Ашот сообщил, что нашел колун. Тоже оружие. В темноте прошло минут двадцать, а казалось, что прошла вечность.
Потом послышались шаги, скрип ржавого замка. Все приготовились.
Дверь отворилась. На пороге стоял дед и держал что-то в руках. Звякнула ложка в котелке.
— Я вам старый полушубок принес, зажги свет, — потребовал хозяин, — кресало на столе.
Николай положил полушубок и высек огонь. Зажег каганец. Кузнецов взял у деда фуфайку и полушубок.
Сторож с худым лицом и глубокими темными впадинами глаз расстелил рушник и собрал ужин…
Третью неделю беглецы жили у деда Филиппа и его жены Анны Леонтьевны. Днем скрывались на кладбище в старинном генеральском склепе. Ночью переходили в сторожку и там спали. Нужно было соблюдать осторожность. Гараж немецкой воинской части размещался в пятидесяти метрах за забором.

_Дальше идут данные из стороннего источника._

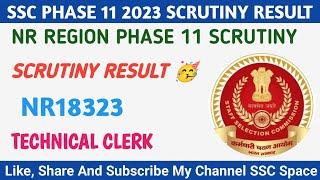 NR Region Phase 11 Scrutiny Result NR18323  #mysscspace #nrregionphase11scrutinyresult #sscnr #ssc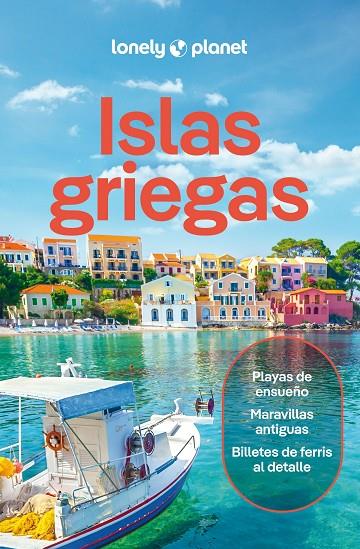 ISLAS GRIEGAS : LONELY PLANET [2025] | 9788408223283 | BERKMOES, RYAN VER / AVERBUCK, ALEXIS / IATROU, HELEN / MARIC, VESNA / SCHULTE-PEEVERS, ANDREA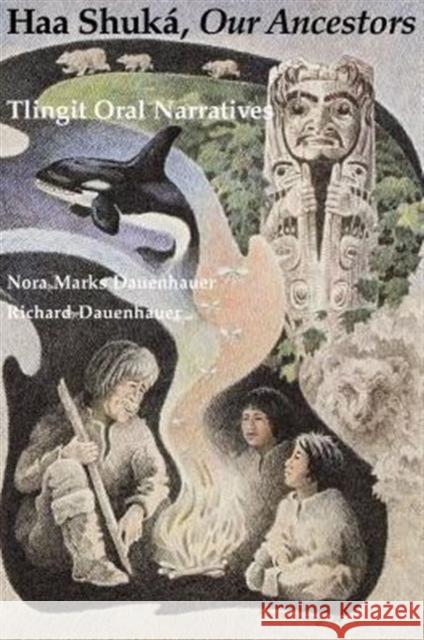 Haa Shuká, Our Ancestors: Tlingit Oral Narratives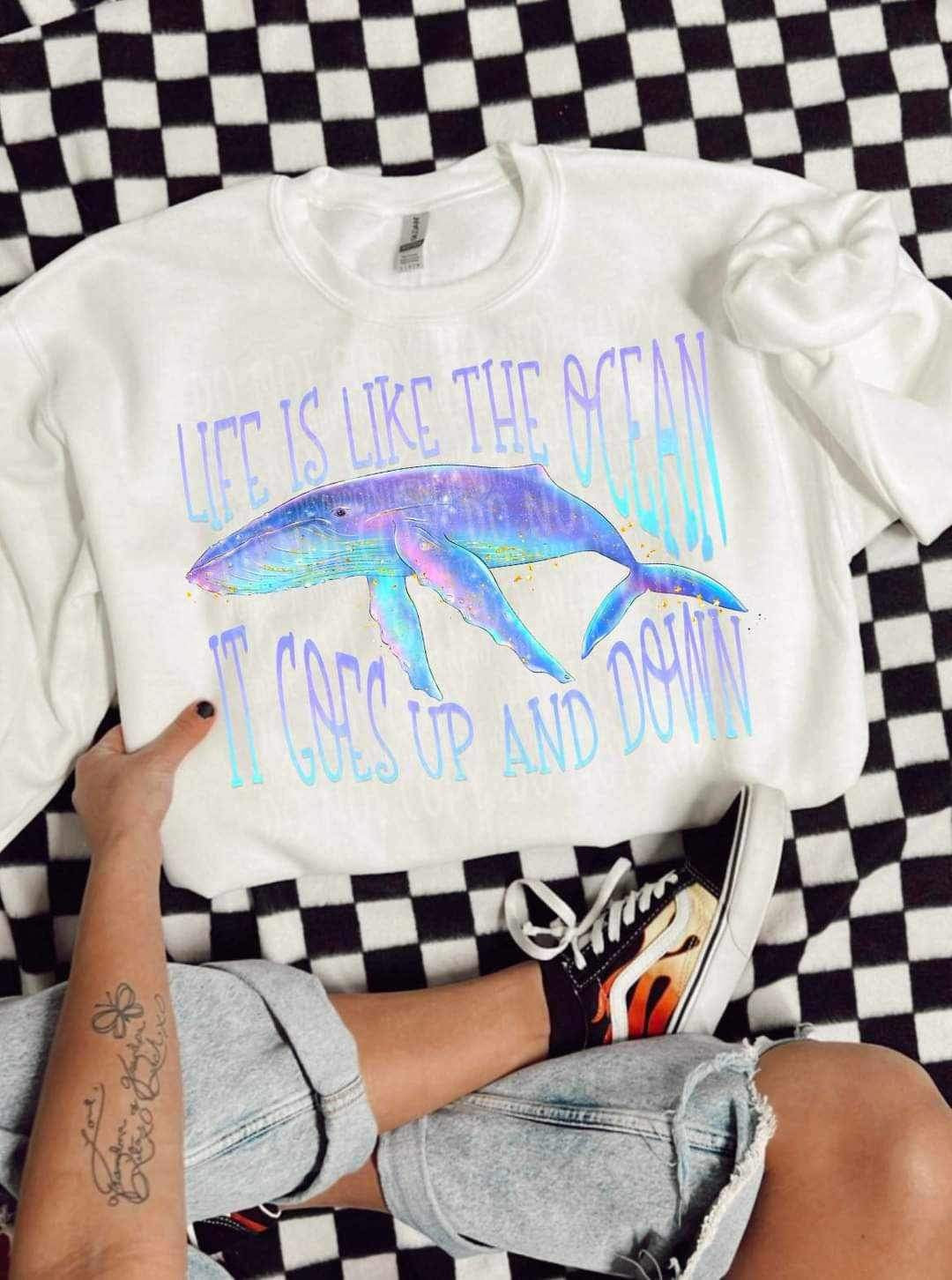Life is like an ocean it goes up and down whale colorful (LYTTLE) 20802 DTF transfer
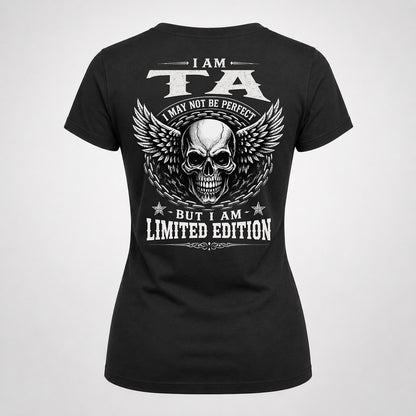 TA P01-K24-229 – Personalized Skull Graphic Apparel “I Am NAME I May Not Be Perfect But I Am Limited Edition”
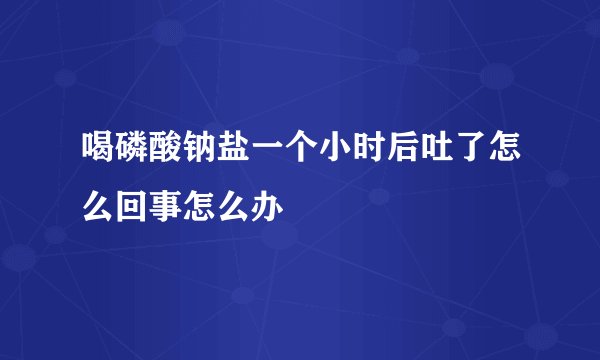 喝磷酸钠盐一个小时后吐了怎么回事怎么办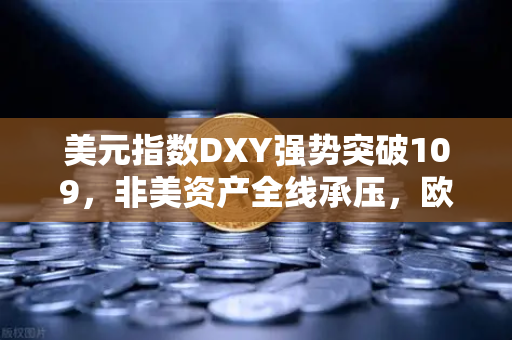 美元指数DXY强势突破109，非美资产全线承压，欧易交易所官网深度解析加密市场避险逻辑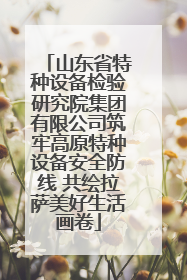 山东省特种设备检验研究院集团有限公司筑牢高原特种设备安全防线 共绘拉萨美好生活画卷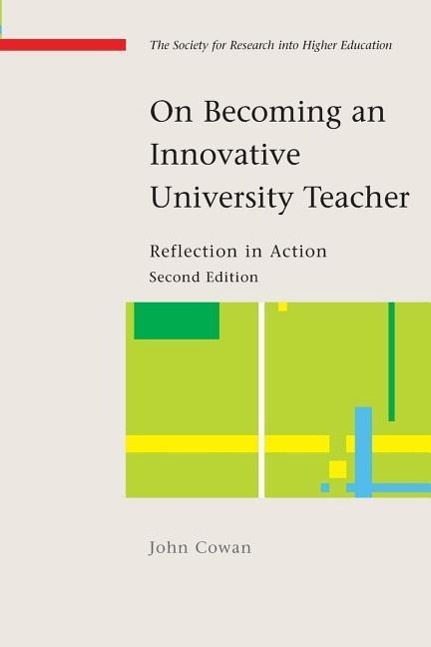 On Becoming an Innovative University Teacher: Reflection in Action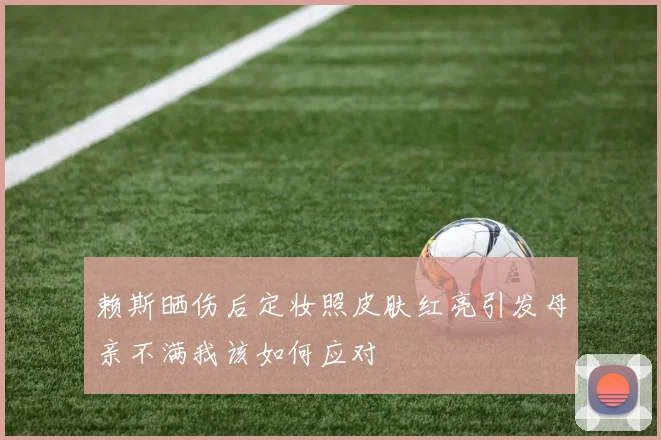 赖斯晒伤后定妆照皮肤红亮引发母亲不满我该如何应对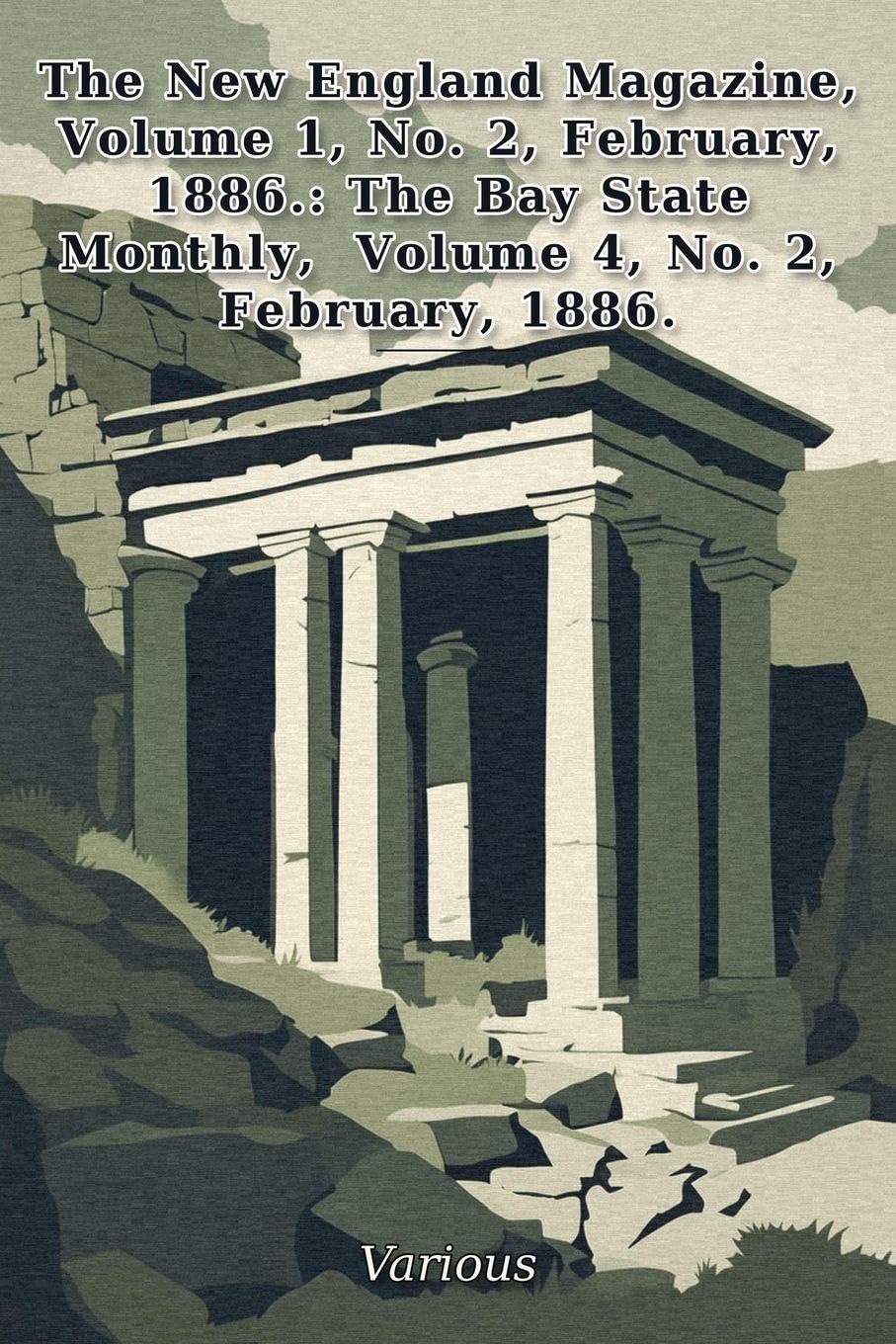 The New England Magazine, Volume1, No. 2, February, 1886.: The Bay State Monthly, Volume 4, No. 2, February, 1886.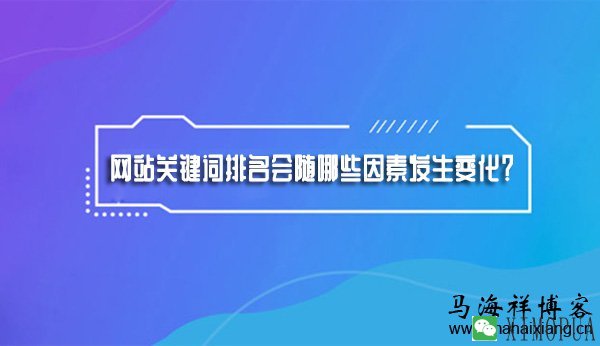 网站关键词排名会随哪些因素发生变化？-马海祥博客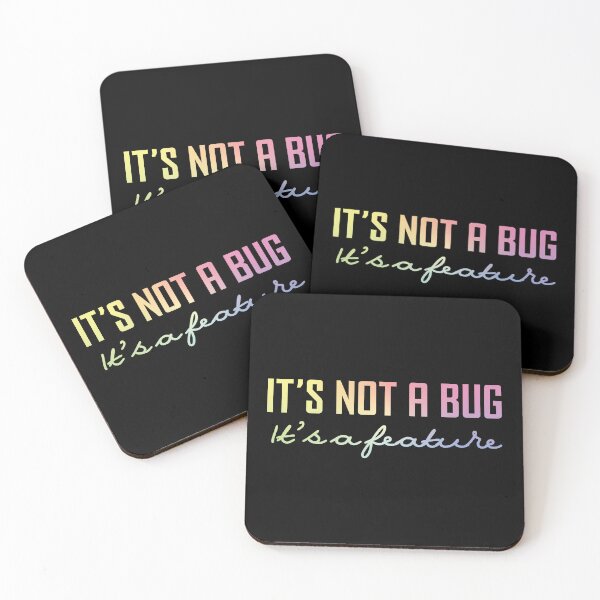 Item preview, Its Not A Bug, It’s a Feature - Funny Coding designed and sold by ScienceCorner.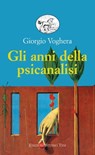 Gli anni della psicanalisi - Giorgio Voghera - 9788876926648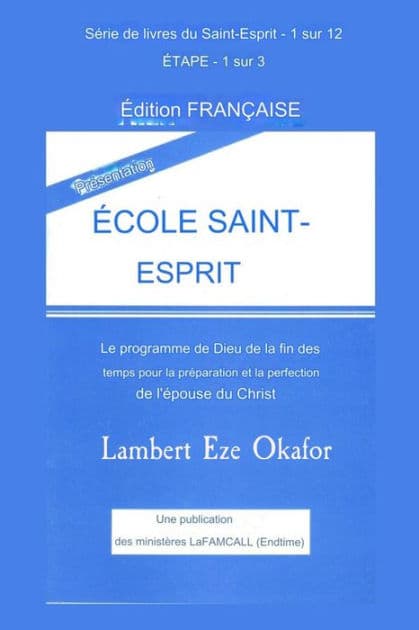PRÉSENTATION ÉCOLE SAINT-ESPRIT - Édition française by Lambert Eze Okafor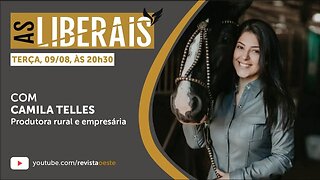 AS LIBERAIS 06 | Camila Telles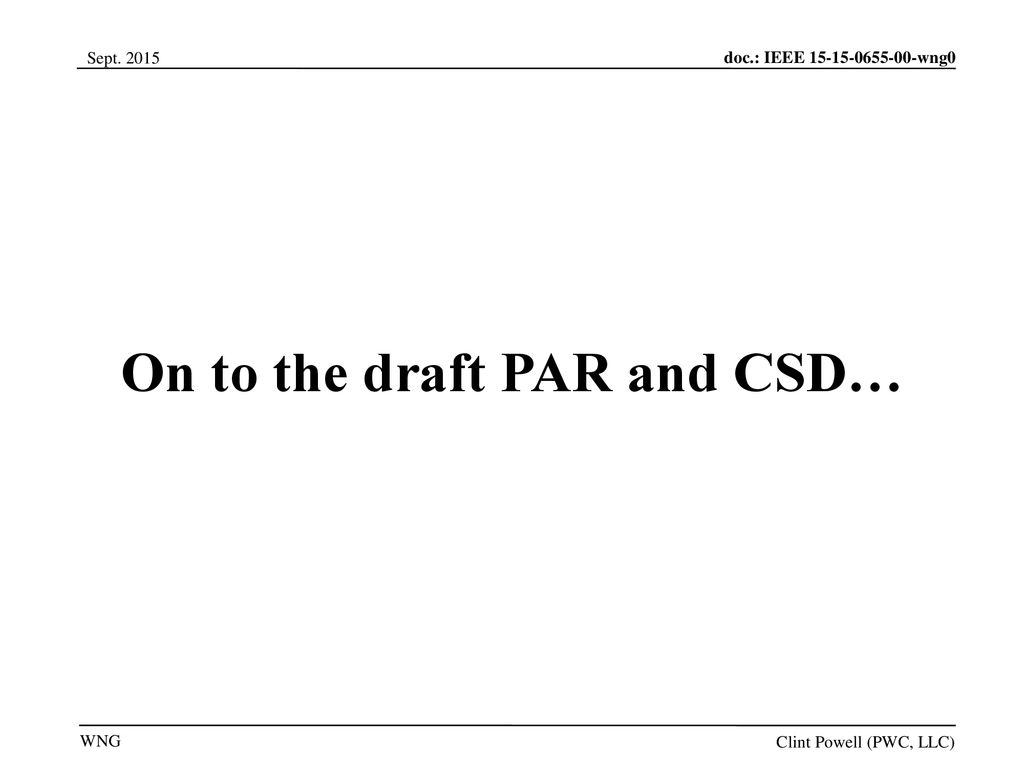 On to the draft PAR and CSD…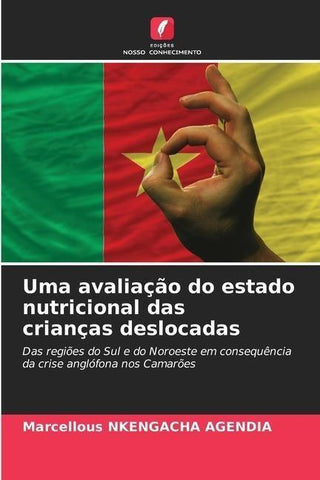 Uma avaliação do estado nutricional das crianças deslocadas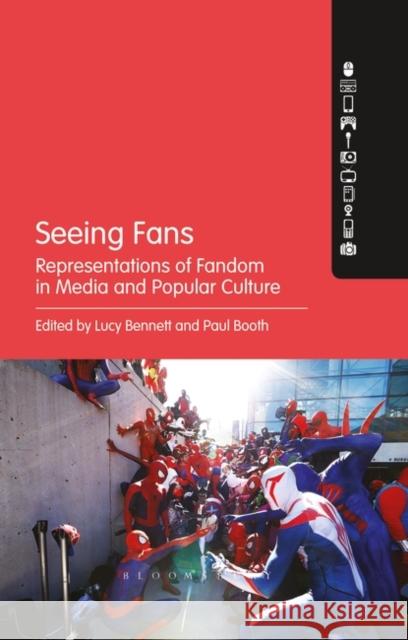 Seeing Fans: Representations of Fandom in Media and Popular Culture Lucy Bennett Paul Booth 9781501339547 Bloomsbury Academic - książka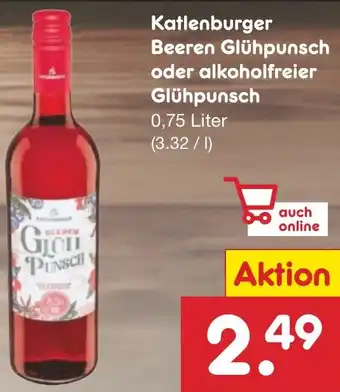 Netto Marken-Discount Katlenburger Beeren Glühpunsch oder alkoholfreier Glühpunsch 0,75 Liter Angebot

Однажды дед Филипп принес сорванную листовку. В ней содержалась угроза: «За укрытие пленных — расстрел!» Идти вдоль деревень, в которых патрулировали немцы, это значит попасть в гестапо. Решили рискнуть и жить в склепе.
Дед снова принес листовку. В ней предлагали вознаграждение тому, кто выдаст бежавших.
Через неделю решили все же уходить. Николай пообещал деду, если все будет хорошо, встретиться после войны. Ашот молча переступал с ноги на ногу. В руках он держал котомку сухарей.
Шли лесом до самого вечера. Николай заболел. Решили его с Ашотом оставить на хуторе, где редко бывали немцы. Кузнецов пошел вечером в соседнюю деревню. Уже добыл хлеба и возвращался обратно, и вдруг услышал дикий хохот: «Рус! Капут!»
«Откуда они?» — только и успел подумать он.
…Немцы щиплют Кузнецова за бороду, думают, парик, потом повели в деревню. Люди выходили из домов и смотрели вслед. Их было мало, только бабы и дети. Все смотрят на бородатого человека, А немцы, пьяные, толкают его и хохочут. «Куда бежать? До леса с километр. Оружие бы!»
Подошли к дому с крыльцом. Полиция…
Вышли двое с повязками на рукавах. Козырнули немцам, толкнули задержанного в спину — в карцер… На другой день его отвезли в лагерь. Так Иван Кузнецов в третий раз оказался в лагере военнопленных.
Шел 1942 год. Фашисты усилили охрану лагерей, и убежать было трудно. К концу года пленных переправили в Германию, потом в Австрию. Новый побег Ивану удалось совершить только через год вместе с Бортниковым и Орловым. После долгих скитаний они встретили итальянских партизан и присоединились к ним.